There’s one other consideration: The normal $\mathbf N$ defines the side from which we’re viewing the image plane. Using this same normal for all of the faces will result in some of the projected images being reversed. If you don’t want this to happen, you can instead use $-\mathbf N$ when constructing the image plane basis for those faces. Examining the sign of the dot product of the face normal with $\tilde{\mathbf N}$ will allow you to detect when this will need to be done.

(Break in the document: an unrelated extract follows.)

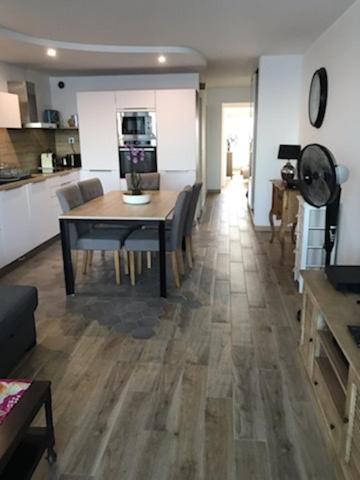 Appartement face à la mer - 6 à 8 personnes - Canet en Roussillon - Appartement 3 Chambres - 12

If you have access to the orthogonal projection matrix $P$, you can extract the parameters of the image plane from it. The last column is the image of the world origin, so is a point $\mathbf P_0$ on the image plane. Any linearly independent pair of the remaining three columns can serve as $\mathbf V_1$ and $\mathbf V_2$, the vectors parallel to the plane.